● WHAT THE TASK ASKS
Find the lines below that contain the word "Button" and count them. Only the number should be given.

BEGIN

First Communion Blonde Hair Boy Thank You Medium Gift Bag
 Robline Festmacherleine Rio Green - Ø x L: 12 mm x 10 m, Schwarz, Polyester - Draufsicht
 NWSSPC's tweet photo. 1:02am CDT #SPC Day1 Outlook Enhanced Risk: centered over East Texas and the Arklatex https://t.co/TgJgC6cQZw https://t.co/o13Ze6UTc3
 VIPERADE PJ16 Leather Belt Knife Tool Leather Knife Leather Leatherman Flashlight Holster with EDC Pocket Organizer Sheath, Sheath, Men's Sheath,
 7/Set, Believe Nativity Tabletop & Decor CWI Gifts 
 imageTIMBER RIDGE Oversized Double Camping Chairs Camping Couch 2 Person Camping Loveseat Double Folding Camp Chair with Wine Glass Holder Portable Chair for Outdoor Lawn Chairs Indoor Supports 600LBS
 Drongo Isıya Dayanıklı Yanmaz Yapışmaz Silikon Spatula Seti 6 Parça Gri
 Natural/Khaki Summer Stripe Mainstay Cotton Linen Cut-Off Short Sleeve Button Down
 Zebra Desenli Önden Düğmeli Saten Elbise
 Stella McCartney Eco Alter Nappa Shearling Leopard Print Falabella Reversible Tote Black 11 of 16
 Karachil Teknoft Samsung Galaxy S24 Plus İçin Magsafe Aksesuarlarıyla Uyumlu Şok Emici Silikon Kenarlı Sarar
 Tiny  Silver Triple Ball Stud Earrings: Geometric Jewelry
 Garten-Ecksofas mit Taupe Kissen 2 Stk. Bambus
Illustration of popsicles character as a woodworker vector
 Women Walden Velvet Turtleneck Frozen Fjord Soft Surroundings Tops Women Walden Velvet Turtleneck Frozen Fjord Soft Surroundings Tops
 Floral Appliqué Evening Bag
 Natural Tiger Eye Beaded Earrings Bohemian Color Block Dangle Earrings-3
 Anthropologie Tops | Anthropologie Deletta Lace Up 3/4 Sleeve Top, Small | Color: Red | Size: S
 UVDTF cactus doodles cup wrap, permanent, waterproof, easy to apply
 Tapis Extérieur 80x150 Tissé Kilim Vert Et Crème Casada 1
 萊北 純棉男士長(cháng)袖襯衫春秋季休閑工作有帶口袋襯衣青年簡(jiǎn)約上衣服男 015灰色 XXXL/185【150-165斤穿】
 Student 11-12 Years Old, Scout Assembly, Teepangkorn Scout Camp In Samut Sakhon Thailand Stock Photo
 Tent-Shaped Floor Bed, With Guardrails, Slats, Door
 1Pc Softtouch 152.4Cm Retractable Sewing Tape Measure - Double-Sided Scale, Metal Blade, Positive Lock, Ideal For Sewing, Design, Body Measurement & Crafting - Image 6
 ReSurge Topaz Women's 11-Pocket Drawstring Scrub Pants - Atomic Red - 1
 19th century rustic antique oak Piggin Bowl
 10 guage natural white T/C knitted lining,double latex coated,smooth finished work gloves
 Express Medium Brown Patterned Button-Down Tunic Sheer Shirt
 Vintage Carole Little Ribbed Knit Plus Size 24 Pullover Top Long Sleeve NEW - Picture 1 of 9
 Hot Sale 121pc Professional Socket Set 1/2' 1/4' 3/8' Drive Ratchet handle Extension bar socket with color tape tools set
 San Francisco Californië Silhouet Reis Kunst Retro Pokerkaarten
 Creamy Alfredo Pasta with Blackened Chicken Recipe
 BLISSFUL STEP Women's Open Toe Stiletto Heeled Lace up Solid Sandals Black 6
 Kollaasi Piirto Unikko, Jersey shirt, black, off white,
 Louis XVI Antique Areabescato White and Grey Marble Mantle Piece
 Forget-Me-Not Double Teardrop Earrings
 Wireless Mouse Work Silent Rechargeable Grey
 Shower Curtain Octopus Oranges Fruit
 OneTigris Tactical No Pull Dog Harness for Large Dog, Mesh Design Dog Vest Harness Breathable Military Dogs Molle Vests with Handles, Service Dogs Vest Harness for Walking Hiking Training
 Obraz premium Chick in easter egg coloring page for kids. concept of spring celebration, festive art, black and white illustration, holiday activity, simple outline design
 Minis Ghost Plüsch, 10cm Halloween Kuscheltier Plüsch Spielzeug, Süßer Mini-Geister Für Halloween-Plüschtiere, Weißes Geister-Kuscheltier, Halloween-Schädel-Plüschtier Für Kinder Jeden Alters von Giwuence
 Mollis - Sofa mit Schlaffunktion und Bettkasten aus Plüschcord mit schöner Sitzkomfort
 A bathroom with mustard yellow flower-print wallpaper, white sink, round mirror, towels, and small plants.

END

● OUTPUT
2